Omitting all images, set down every line below exactly as it appears.

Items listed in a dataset
---

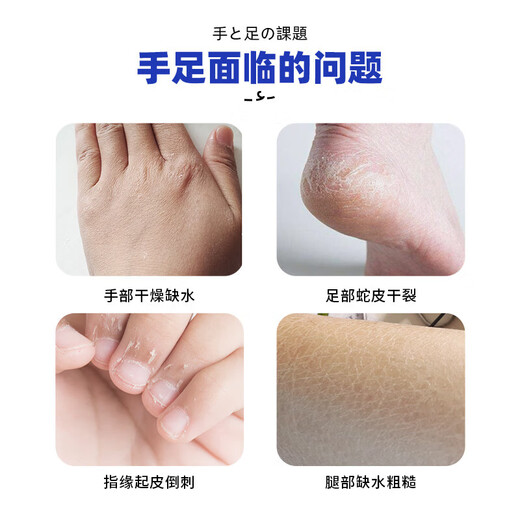 ADULTDINGDING Japan Ding Ding Cracked Cream 50g*1 Heel Cracked Cracked Cracked Foot Cream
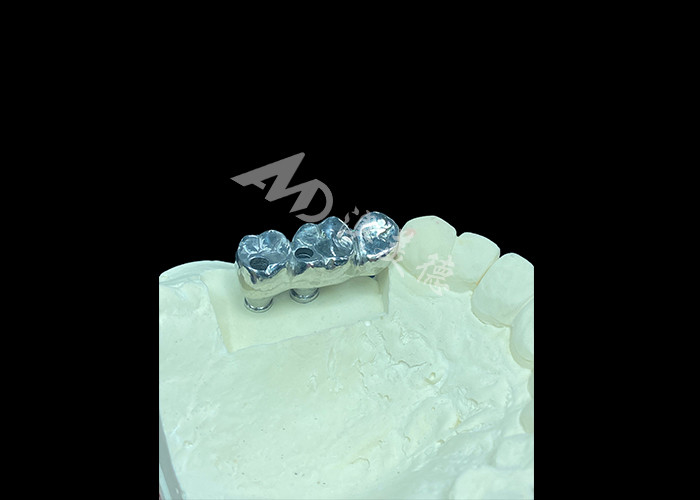 Implan Gigi Titanium Crown yang tahan lama untuk penggantian gigi yang hilang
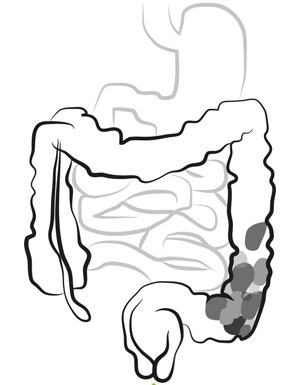 Illustration of Constipation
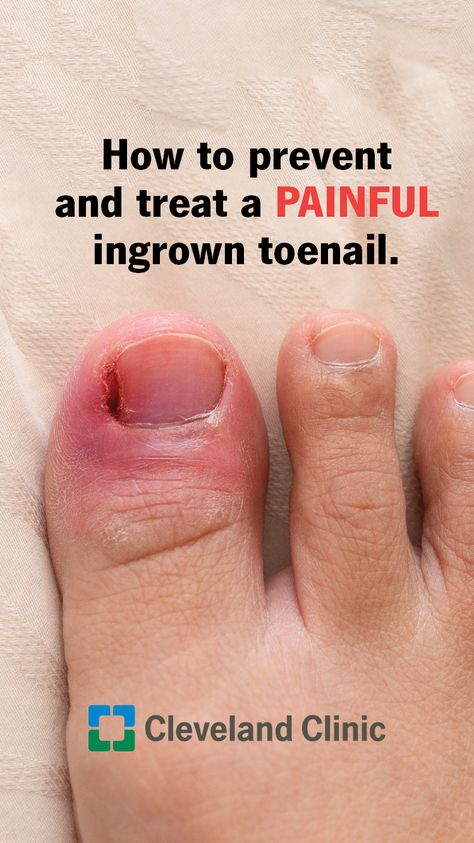 Toenail Pain, Infected Toenail, Toenail Removal, Toenail Fungal Infection, Nail Remedies, Toenail Fungus Remedies, Ingrown Toenail, Nail Infection, Ingrown Nail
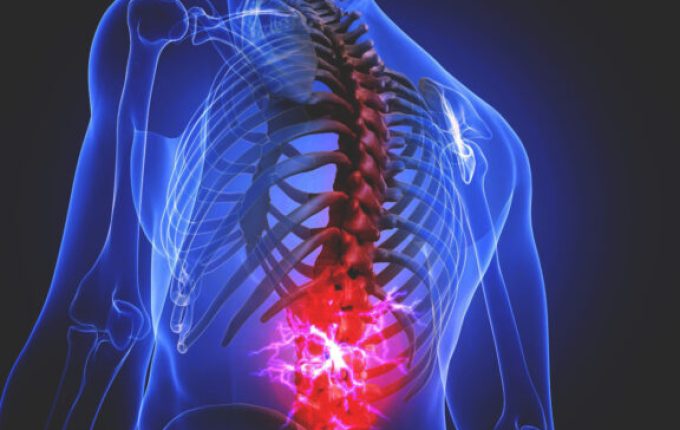 Spinal Deformity Spine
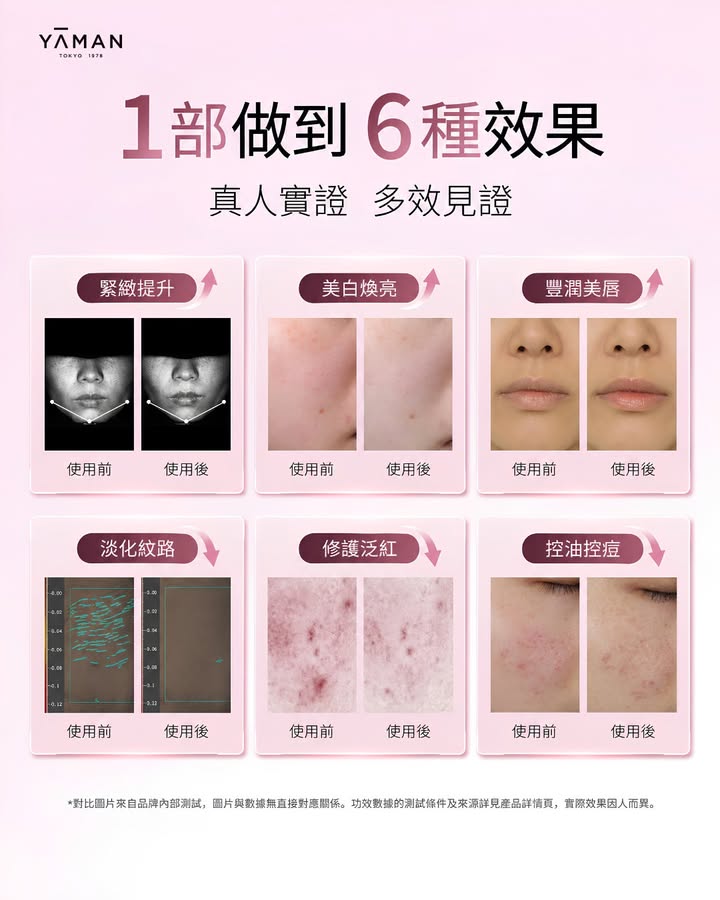 000｜額外享 HK$100現金回贈 ​ 全新YA-MAN閃修儀Pro現已登陸百老滙，想日常護膚再進階。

---

__Answer for this exercise__.
 ADULTDINGDING Japan Ding Ding Cracked Cream 50g*1 Heel Cracked Cracked Cracked Foot Cream
 Implan Gigi Titanium Crown yang tahan lama untuk penggantian gigi yang hilang
 Illustration of Constipation
 Toenail Pain, Infected Toenail, Toenail Removal, Toenail Fungal Infection, Nail Remedies, Toenail Fungus Remedies, Ingrown Toenail, Nail Infection, Ingrown Nail
 Spinal Deformity Spine
 000｜額外享 HK$100現金回贈 ​ 全新YA-MAN閃修儀Pro現已登陸百老滙，想日常護膚再進階。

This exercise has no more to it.